Customers in the New Smyrna Beach District are currently served under three rate schedules: Residential Service (NSB-RS), Commercial and Industrial Service (NSB-CI), and Commercial and Industrial Transportation Service (NSB-CITS). FPUC has proposed to eliminate the separate base rate schedules and service charges applicable to its New Smyrna Beach District customers and migrate these customers to the appropriate residential and commercial rate schedules and service charges applicable to all FPUC customers.
Combining the two districts will reduce the unnecessary duplication of costs associated with administering two sets of base rates and other tariff provisions.

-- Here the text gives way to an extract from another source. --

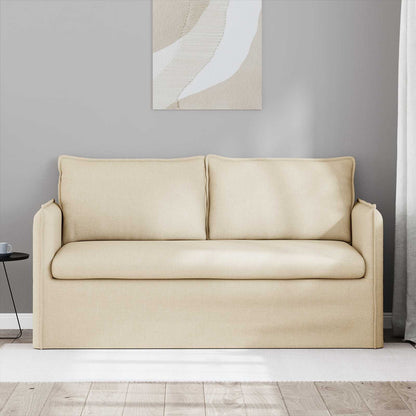 Divano Crema 156 x 82 x 85 cm Tessuto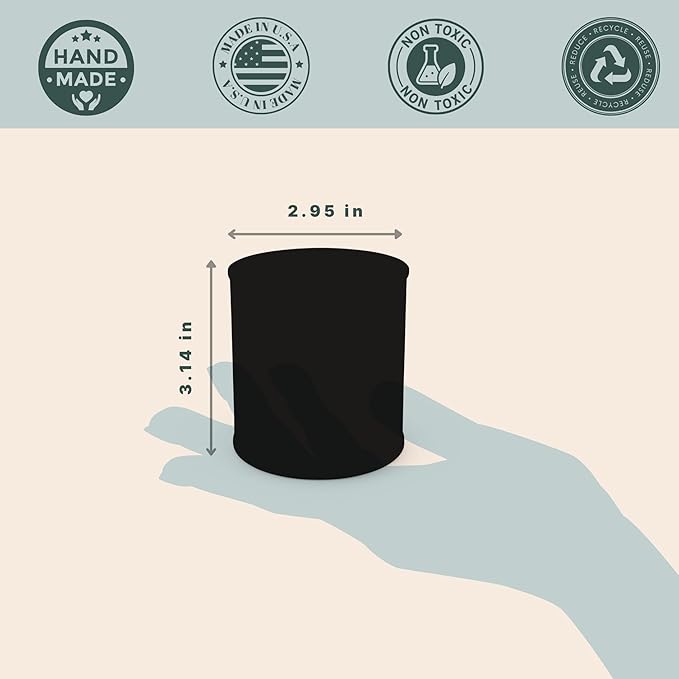 Wick & Star Vegan Non-Toxic, Wood Wick, Natural Coconut Soy Wax Aromatherapy Candle, Clean Burning (Caramel Pumpkin)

The Commission has approved a similar proposal for Peoples Gas (Peoples) in its recent rate case. In 1997 Peoples acquired the West Florida Natural Gas Company; however, rates for the West Florida customers remained unchanged. In Peoples’ recent rate case, the Commission approved Peoples’ proposal to apply uniform rates and service charges to all customers, including customers formerly served by West Florida Gas. See Order No. 03-0038-FOF-GU, issued January 6, 2003, in Docket No. 020384-GU, In Re: Petition for Rate Increase by Peoples Gas System.
Staff recommends that FPUC’s proposal to eliminate the separate base rate schedules applicable to its New Smyrna Beach District customers and charge all customers under uniform base rate schedules should be approved. The consolidation will result in a uniform set of rates for all of FPUC’s customers, and will not result in a significant rate impact to current New Smyrna Beach district customers.
Issue 52: What is the appropriate monthly Pool Manager Service Charge?
Recommendation: The appropriate monthly Pool Manager Service Charge is $100. (Draper)
Staff Analysis: FPUC has not proposed to change the current monthly Pool Manager Service Charge of $100. This charge was approved in Order No. PSC-01-0073-TRF-GU, issued January 9, 2001, in Docket No. 000795-GU, In Re: Petition by Florida Public Utilities Company for approval of unbundled transportation Service.
FPUC provided cost data that support the current charge of $100. The charge is designed to cover FPUC’s cost to support the pool managers in providing transportation service to FPUC’s transportation-only customers. Specifically, FPUC provides daily reports to its pool managers specifying how much gas the pool managers must deliver to FPUC. This insures that the pool managers deliver the appropriate quantity of gas from the interstate pipeline to FPUC for delivery to its transportation-only customers.
Staff has reviewed the derivation of the Pool Manager Service Charge and believes that it is appropriate. Staff therefore recommends that the proposed charge be approved.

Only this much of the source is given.